That said, water clouds are also aerosols. These are the most visible and variable ones, too, at least where I live. Absorbers are emitters. Whether they’re net one or the other is conditional. Chemistry is also conditional, and sometimes extremely conditional.

Beez
September 6, 2018 7:17 am

What I don’t understand, and perhaps someone can enlighten me here, is why so much attention is being paid to the atmosphere to begin with in this regard. Liquids don’t have absorption bands like gasses do, so the ocean absorbs all light that passes through the atmosphere and isn’t reflected off the surface, which to my understanding is most of it.

Given our very shoddy understanding of ocean circulation and deep ocean temperature, and the fact that it has an enormous heat capacity while water vapour plays a major role in atmospheric regulation, doesn’t it make more sense that most of the short term variation in climate (by which I mean millennial scale) is due to the dynamics of the ocean? This is true empirically positively in terms of ENSO, negatively in terms of the failure of climate models and CO2 driver hypothesis generally, but also rationally in terms of the overwhelming difference in thermal masses involved.

Am I missing something here?

Steve R
September 6, 2018 10:18 am

Is there any way you could normalize the data to remove the effect of the sun’s angle as a function of date? Or does this not even matter, since you are only considering the the absorption occuring within the atmosphere, and not re radiation from the ground?
How should we be looking at this data with respect to the angle of the sun’s ray’s? Does the Sin of that angle matter here?

September 6, 2018 10:20 am

How about a graph of total less (reflected + absorbed) over time? And question: would geographical distribution changes not create local “extremes” even the average and total stay the same?

Curious George
September 6, 2018 10:22 am

I am not sure what these data mean. The sentence “just under eighty watts per square metre of incoming solar energy doesn’t make it to the ground…this is a bit more than a fifth (22%) of incoming solar energy” suggests that the authors subscribe to a “flat-earth” model of the Earth as a flat disc, uniformly illuminated by a 1/4 of the actual insolation, 24 hours a day. This simple model is widely used in climatology, but of course it only provides time- and space-averaged values.

Regarding the absorbtion by the atmosphere, it can only happen during daytime, so percentages should be OK. I just wonder whether they are computed from sound data. For example, instead of 24-hour averages, could we have data for 6 am to 6 pm of local time, or 9 am to 3 pm? Would there be any difference between 9 am to noon and noon to 3 pm?

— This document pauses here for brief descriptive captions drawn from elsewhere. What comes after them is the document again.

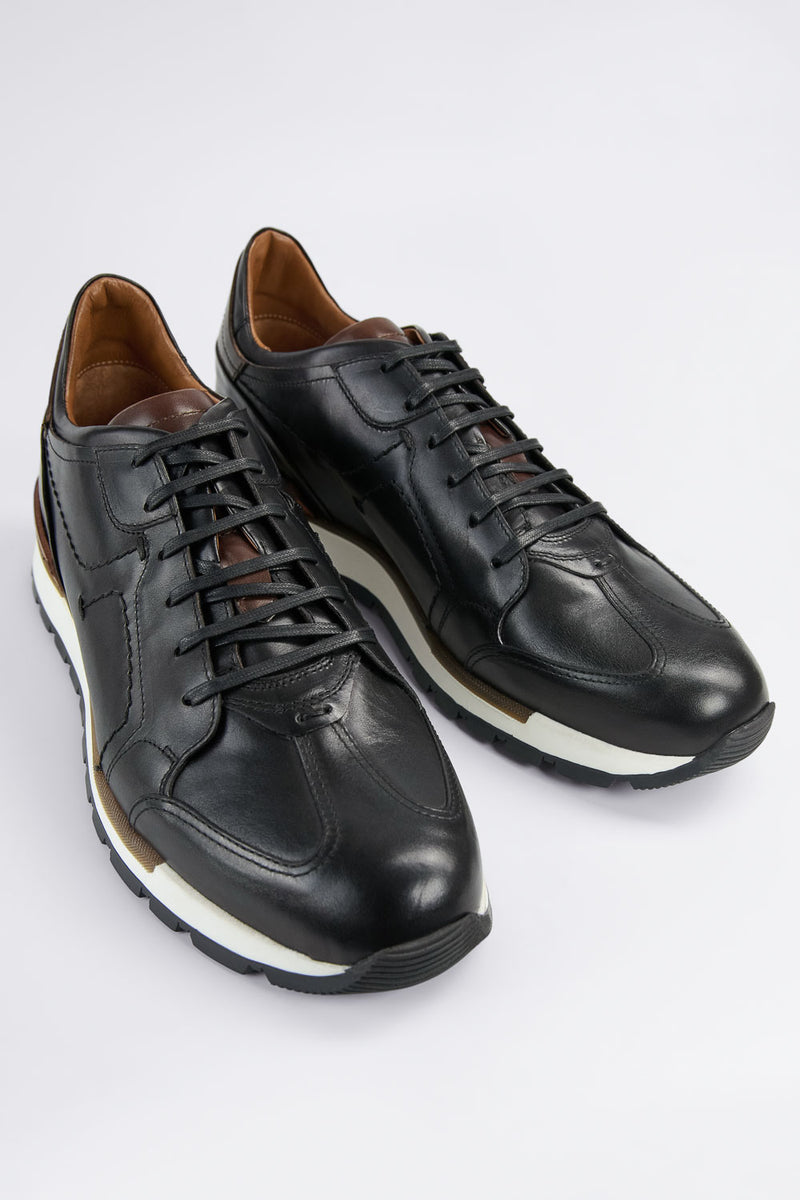 OWEN tuxedo-black triple stitched wingtip patina runners.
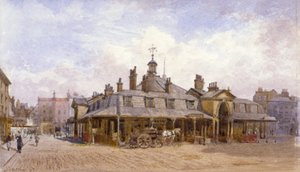 Veduta del mercato di Oxford, St Marylebone, Westminster, Londra da John Crowther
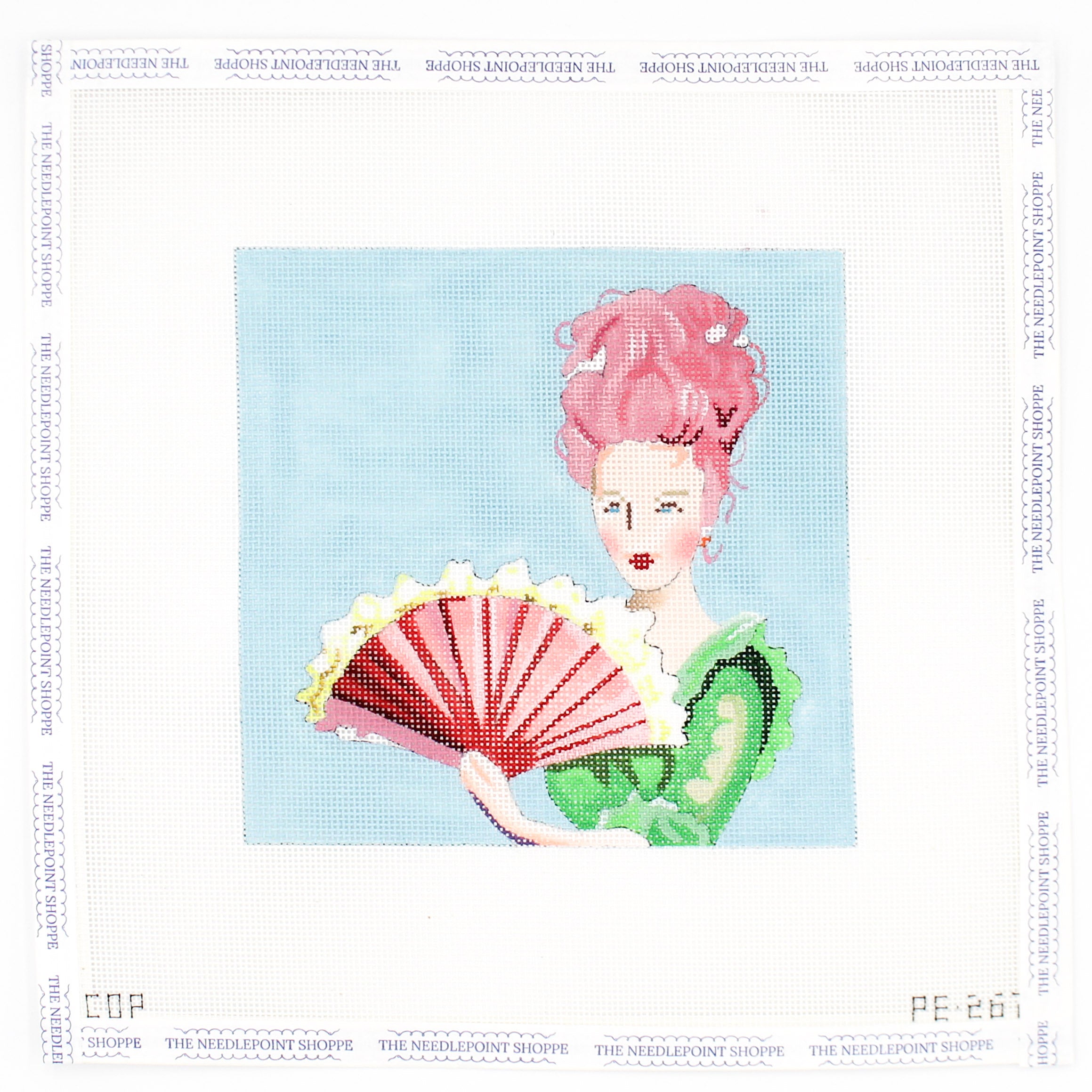 PE267- Pink Haired Woman with Fan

Thanks for providing us with a fascinating analysis.

Skeptical Millennial
September 6, 2018 10:41 am

Would you be willing to admit the possibility that the high rates of atmospheric absorption of solar energy over eastern mainland China might, in fact, be caused by the thick milky brown layer of low clouds that often covers the entire region during certain times of year due to particulate pollution from industrial activity? You often see this milky brown mass dispersed and blown far out into the Pacific ocean. There is no way that isn’t causing the high rates of absorption as per your map, in my humble opinion.

Phil Salmon
September 6, 2018 11:28 am

Plants transpire water to the atmosphere causing cooling.
So more CO2 leading to more plants to more transpiration cooling is a negative feedback of CO2.
In the Carboniferous the evolution of trees and the spread of plants and trees over the continents, dramatically cooled the climate.

Curious George
Reply to  Phil Salmon
September 6, 2018 2:32 pm

Also it dramatically lowered the concentration of CO2. The mechanism of photosynthesis suggests that it has evolved in a CO2-rich atmosphere.
https://en.wikipedia.org/wiki/RuBisCO

Phil Salmon
Reply to  Phil Salmon
September 7, 2018 12:06 am

Yes, RuBisCO is one of those words like “photosynthesis” that scientists find awkward to mention since their existence runs counter to established CAGW alarmist dogma.

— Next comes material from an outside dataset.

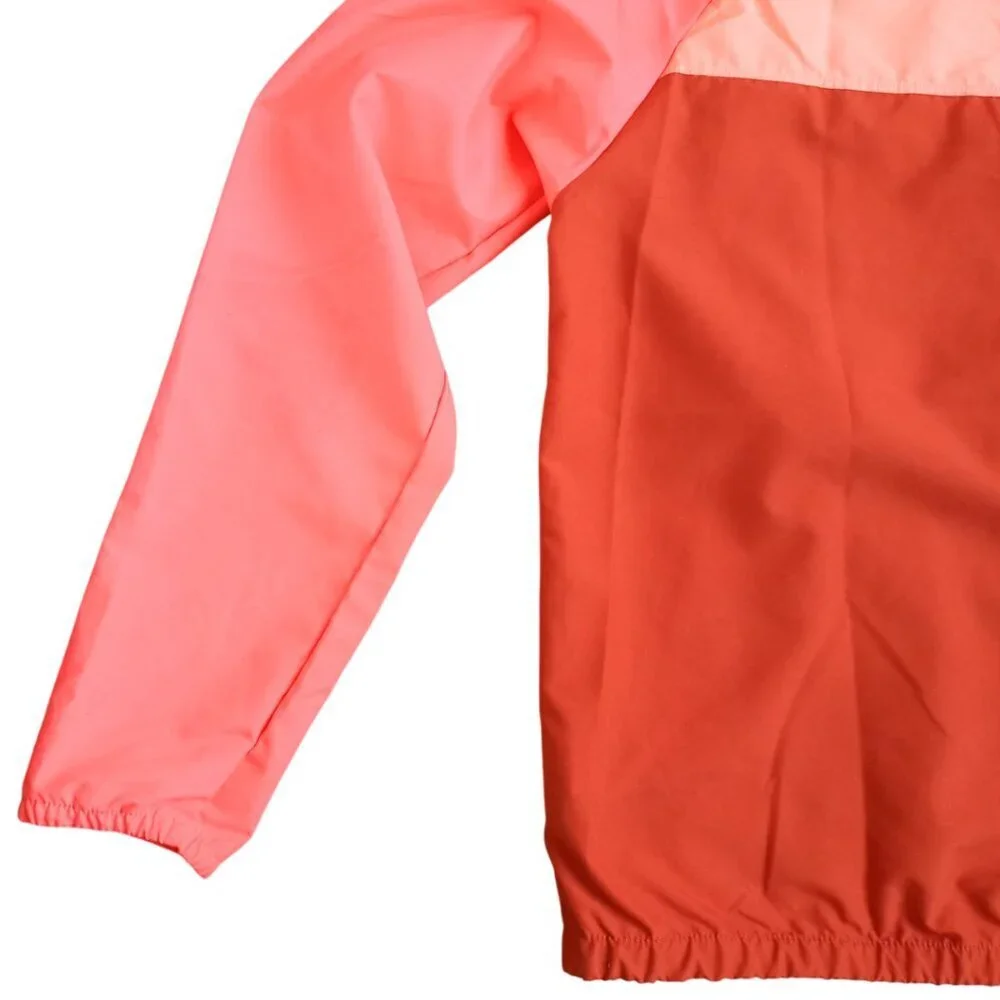 The North Face Youth XL Windbreaker Jacket Orange Colorblock Hooded Lightweight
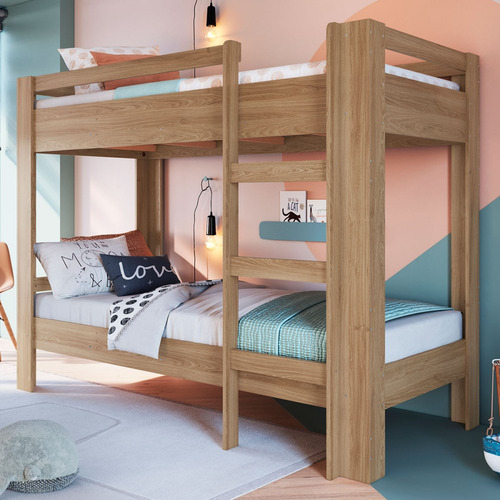 Beliche Infantil com Grade de Proteção e Escada Slim Aveiro Oak Marrom BI020AVAV - Completa Móveis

The spread of plants on land also transformed the continents from being largely arid to being covered by humic soils. (The mineral part of soils were present thanks to the extensive Cryogenian glaciations grinding up rocks into silicate particles which later formed the basis – together with CO2-fueled plant activity to make soil.) By bringing soil and transpiration to the continents, plants also brought the hydrological cycle itself inland. This is a major example of the operation of the Gaia principle. Life shapes the earth to its own advantage. Some might think that we humans are an exception to this rule. But we are not. CO2 enrichment of the biosphere is the best thing that has happened to it in millions of years.

JoshC
September 6, 2018 11:32 am

“This is an insanity.” He mumbled, sighed quietly, exhaling into the hot air. Not that anybody could have heard him even if he talked at a decent volume. He might have yelled, but 50ft away, ear covers on, the nearest worker wouldn’t have heard him above the din of moving the Burner. They most likely say the same thing a hundred times a day. It was honest work, good paying work for a young man without much education in Brazil.

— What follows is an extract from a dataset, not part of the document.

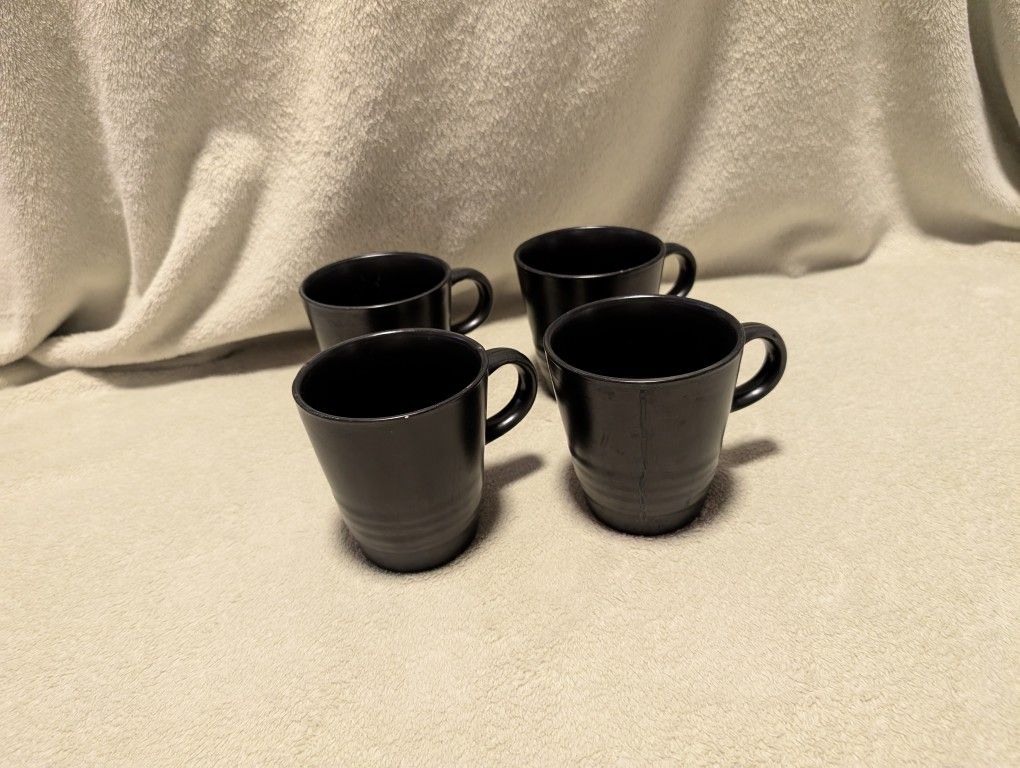 Gibson Black Coffee Mugs, Set Of 4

He wasn’t as ashy as some, being a controller, but everywhere close to him, the other workers, and the path behind him. Like God himself had taken a God sized brush and just made a line 200 meters wide, miles long. Flattening everything with its bristles, then leaving charcoal black in its passing down through the brilliant green of the Amazon.

Using fire to fight fire. Or fire to fight heat. Burning it all down.

“Thanks Willis.” It was a blessing and a curse. Everybody said it.

Because of Aerosols. They were making the Earth warm. Not Co2. Not man. G-Damned Nature.

And to stop it, they needed to stop the source. That means the Amazon. And the Congo.

And if they burn it, like firing off a volcano, they also lowered the temperature fast. Then they kept it from coming back by stopping the one thing that absorbed the most sunlight and turned everything on its head. So the World is saved. And the World is ruined. After years trying to preserve the rainforests, they found they need to destroy them.

“Insanity” he repeated. Then creeped the Burner forward.

Phil Salmon
Reply to  JoshC
September 7, 2018 12:07 am

Hi Josh!
Ever heard of photosynthesis?

JoshC
Reply to  Phil Salmon
September 7, 2018 1:51 pm

Hey Phil!

It’s just a joke on the main heating element being aerosols and not CO2.

The Amazon is a basically neutral for O2 or CO2 production/use, due to the total number of animals and related decomposition living in. Often it is net balance. There are many papers on this: https://phys.org/news/2017-05-amazon-river-carbon-dioxide-emissions.html just to pick one quickly out of the interwebs.

The oceans can handle all Oxygen production needed for a significant portion of time in the future. Did the calculation years ago – and if we removed all of the trees we still would have enough production, and large enough reserves, to handle all of the animals oxygen needs for tens of thousands of years. Might need to revisit that. Ha!

Have a great day man.

eyesonu
September 6, 2018 1:15 pm

One very important question needs to be clarified here for myself and many others I’m sure. What is the definition we should use to clearly specify the state of water (H2O) in the atmosphere? I’ve seen too many discussions mix non-visible vapor with visible clouds. And of course there is rain where the term ‘condensing water vapor’ is quite different to the condensation of water vapor to form a cloud but the use is mixed like spaghetti and ice cream.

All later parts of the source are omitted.